If you want to start following a low-carb or keto diet, work with your doctor if you suffer from hypo or hyperthyroidism, or thyroid diseases to keep your hormone levels in check.
Increased levels of stress – especially on a consistent basis – causes increased levels of cortisol. Cortisol messes with your hormones and metabolism.
Consistently high cortisol means consistently high stress. This is tiring for your body and brain. Cortisol also produces glucose for your body (taken from protein stores) for your body’s fight or flight response. This extra glucose leads to elevated blood sugar.
Before starting a ketogenic diet, try to eliminate, reduce, or manage the stress in your life.
Ways to reduce stress could be meditation, yoga, walking or journaling.
Not eating enough
It can take some time to get used to eating the amount of fat required on the keto diet. But don’t be scared of the fat! Your body needs it.
If you are combining keto with intermittent fasting, it is easy to end up undereating if you don’t get all your calories in during your eating window.
It is very important to make sure you are eating enough calories to keep your body working efficiently and help keep your hormones in balance.
Not all types of training are a good match for the keto diet. You can learn more about exercising while on the keto diet here.
Anaerobic exercise such as sprinting and weightlifting, as well as regular high-intensity cardio, will require carbohydrates in order to sustain your training.
If you do not want to adjust your training, then the strict ketogenic diet may not be suitable for you. Not only does your body require more carbohydrates from this, but you will also experience cortisol elevation and other hormonal issues.

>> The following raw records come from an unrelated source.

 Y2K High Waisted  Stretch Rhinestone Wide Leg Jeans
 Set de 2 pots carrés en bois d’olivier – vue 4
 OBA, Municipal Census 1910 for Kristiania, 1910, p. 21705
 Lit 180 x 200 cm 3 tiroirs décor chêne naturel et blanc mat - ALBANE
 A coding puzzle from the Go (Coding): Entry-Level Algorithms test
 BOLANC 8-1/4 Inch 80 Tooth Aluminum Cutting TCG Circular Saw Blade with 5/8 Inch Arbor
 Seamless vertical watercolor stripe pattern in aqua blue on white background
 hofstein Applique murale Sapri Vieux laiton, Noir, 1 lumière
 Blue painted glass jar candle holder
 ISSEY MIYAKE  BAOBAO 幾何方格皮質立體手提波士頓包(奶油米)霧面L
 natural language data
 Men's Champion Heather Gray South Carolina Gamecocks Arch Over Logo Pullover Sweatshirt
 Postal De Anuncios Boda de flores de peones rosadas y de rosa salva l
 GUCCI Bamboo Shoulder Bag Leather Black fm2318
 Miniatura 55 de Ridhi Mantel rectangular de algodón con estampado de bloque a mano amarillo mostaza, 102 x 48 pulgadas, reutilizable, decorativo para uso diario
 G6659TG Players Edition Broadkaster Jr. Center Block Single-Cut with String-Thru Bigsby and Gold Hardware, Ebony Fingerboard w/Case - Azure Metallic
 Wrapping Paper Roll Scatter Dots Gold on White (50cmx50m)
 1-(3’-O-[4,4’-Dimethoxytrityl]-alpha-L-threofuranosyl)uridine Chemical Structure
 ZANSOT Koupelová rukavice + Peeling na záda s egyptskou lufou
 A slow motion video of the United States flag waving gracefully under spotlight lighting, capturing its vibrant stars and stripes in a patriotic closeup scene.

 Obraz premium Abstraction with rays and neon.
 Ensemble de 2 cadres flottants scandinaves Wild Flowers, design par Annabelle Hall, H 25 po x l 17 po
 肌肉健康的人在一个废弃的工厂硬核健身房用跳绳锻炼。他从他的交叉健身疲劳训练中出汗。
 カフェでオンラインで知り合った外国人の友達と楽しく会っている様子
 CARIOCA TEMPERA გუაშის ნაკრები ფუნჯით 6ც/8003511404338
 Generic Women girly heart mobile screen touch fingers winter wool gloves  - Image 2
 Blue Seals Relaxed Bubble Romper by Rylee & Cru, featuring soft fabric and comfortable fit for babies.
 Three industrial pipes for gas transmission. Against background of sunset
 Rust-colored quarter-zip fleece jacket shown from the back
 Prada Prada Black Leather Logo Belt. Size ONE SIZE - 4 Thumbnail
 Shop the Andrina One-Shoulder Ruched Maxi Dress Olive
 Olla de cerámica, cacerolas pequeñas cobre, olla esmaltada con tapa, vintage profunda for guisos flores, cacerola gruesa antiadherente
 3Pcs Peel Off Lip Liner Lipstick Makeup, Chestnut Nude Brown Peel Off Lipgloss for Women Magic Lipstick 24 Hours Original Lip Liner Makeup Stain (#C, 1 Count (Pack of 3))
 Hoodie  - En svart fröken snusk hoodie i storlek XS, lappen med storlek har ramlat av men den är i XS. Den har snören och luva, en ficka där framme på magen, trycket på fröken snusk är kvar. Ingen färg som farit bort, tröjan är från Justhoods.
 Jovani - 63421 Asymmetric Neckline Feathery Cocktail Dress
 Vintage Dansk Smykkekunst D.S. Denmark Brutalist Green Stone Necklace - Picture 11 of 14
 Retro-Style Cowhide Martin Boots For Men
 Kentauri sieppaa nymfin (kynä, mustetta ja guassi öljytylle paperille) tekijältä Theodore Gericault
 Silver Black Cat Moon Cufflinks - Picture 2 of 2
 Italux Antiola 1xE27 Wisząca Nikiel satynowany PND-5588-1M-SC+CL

Pregnancy and Breastfeeding
The strict keto diet is often not recommended for women who are pregnant or breastfeeding.
There isn’t much in the way of evidence-based research on keto and pregnancy (studies, in general, don’t enroll pregnant women due to liability, ethical concerns and the physiologic complexity of pregnancy). However, there are many doctors who actively recommend the keto diet for pregnant women and have many success stories of patients having healthy pregnancies and babies.
If a woman is breastfeeding, then additional carbs need to be added to the diet. While breastmilk does require protein and healthy fats, it also requires carbs to produce the caloric value for milk to be made. You lose sugar through breastfeeding (around 30 grams per day), so a lower-carb (but not strict low-carb) diet will still be effective.
The current research on breastfeeding and keto is still quite limited, and there are moms who have had success with it. However, you won’t be breastfeeding for very long, so I recommend to rather be safe and increase your carbs slightly.
If you still have time, switch to the keto diet before falling pregnant – ideally 2 – 3 months before, so you can become fat adapted before entering pregnancy.